Fifthly, salts can be considered to be related to each other in families connected to their acids.  Sulphates are connected to sulphuric acid, nitrates to nitric acid and chlorides to hydrochloric acid.

That's it for the GCSE subject matter, but it's now got to the stage where this is really bugging me, so i'm going to scratch that itch now!

The problems with this:

  • The definition of an acid.
  • The assumption that all this is happening in water.
  • The idea that there are "hydrogen ions", i.e. actual free protons wandering about in water.
Let's start with the last thing first.  What actually happens is that "hydronium ions" form with acids in water, not hydrogen ions.  These are H3O (best i can do on here i think) ions - that's also inaccurate because protons associate with several water molecules at once.
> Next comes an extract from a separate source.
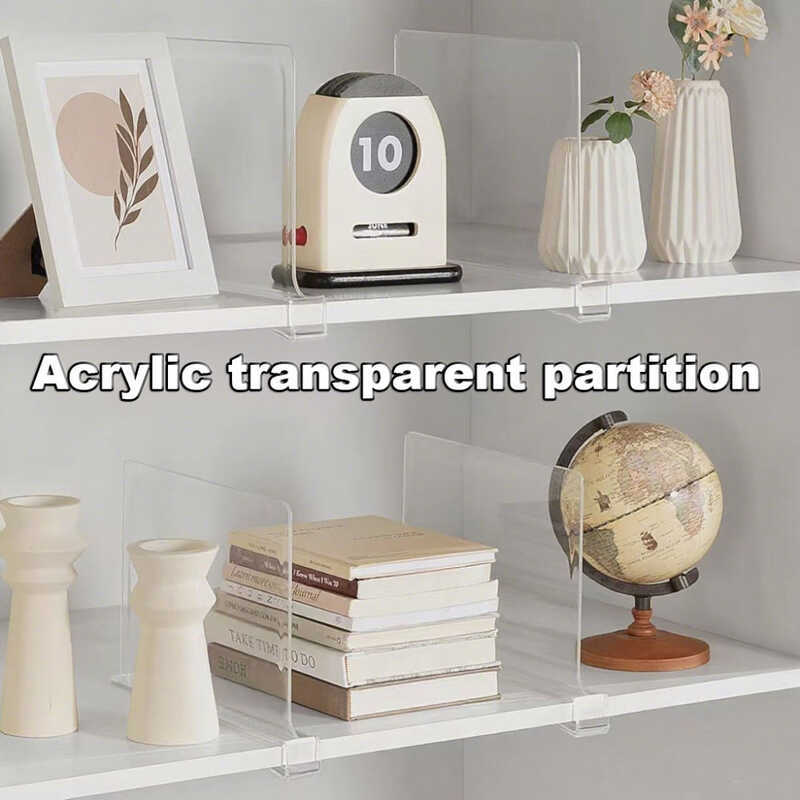 Acrylic Transparent Partition Boards For Vertical Layered Shelves ...
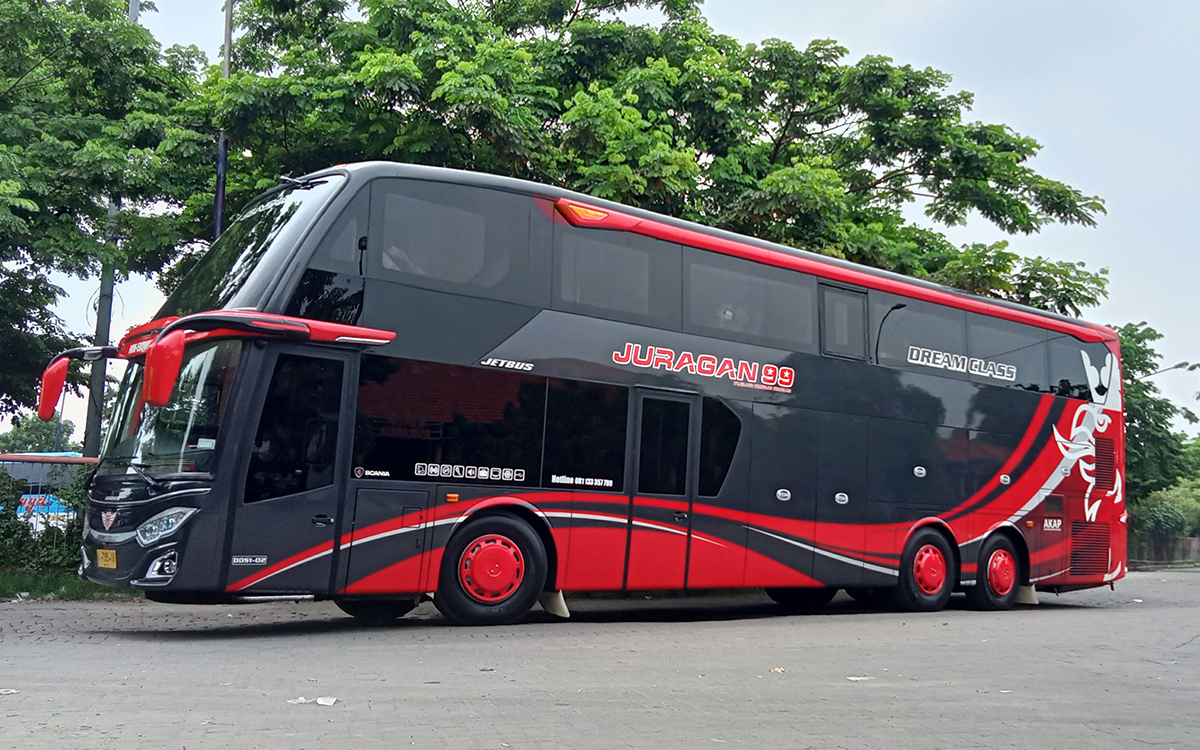 Tampilan Mewah Bus Juragan 99 Trans, Siap Layani Penumpang Trayek Malang-Bali dengan Harga Spesial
Penultimately, water is not the only solvent.  Another example, oft-quoted, is ammonia, and since ammonia is itself a base, neutral pH in it is in a different place, which means that all acids are strong acids in it and there are relatively few alkalis with respect to it.  This may have consequences for the probability of extraterrestrial life, because it means that the nucleic and amino acids so important for life on this planet would all be strong acids in liquid ammonia.

Antepenultimately, and related to the previous point, acids can be defined in various ways.  The Bronsted-Lowry theory defines acids as proton donors and bases as proton acceptors.  This makes no difference to water but also enables the idea of acids and bases to be extended to other solvents than water, such as ammonia, sulphuric acid and glacial acetic acid (which is pure acetic acid - nasty stuff).  However, for that very reason, the Bronsted-Lowry theory fails to allow a more absolute definition of acid or base - they all depend on the solvent they're in.

One answer to this is the rather extreme version of the definition in which acids accept electron pairs and bases donate them.  This makes almost all chemical reactions acid-base reactions, which is weird and makes the whole notion meaningless.  This is known as the Lewis Acid theory.  An even broader definition is that and acid is anything which reacts with bases, gives up cations or accepts anions or electrons, which includes redox reactions.

Then there is Lux-Flood, which i can't understand right now as it says acids are oxides which accept oxygen and bases are oxides which donate oxygen, and i can't see how this applies to hydrochloric acid, except that hydrochloric acid is actually a gas called hydrogen chloride which dissolves in water to become acid, so maybe that's it.

There's also something called the solvent system.  It's probably the best but i haven't a clue what it is.

Phew!  That's better.

I'm now torn between doing something about urinalysis or something about how much GCSEs bug me because of the dumbing down.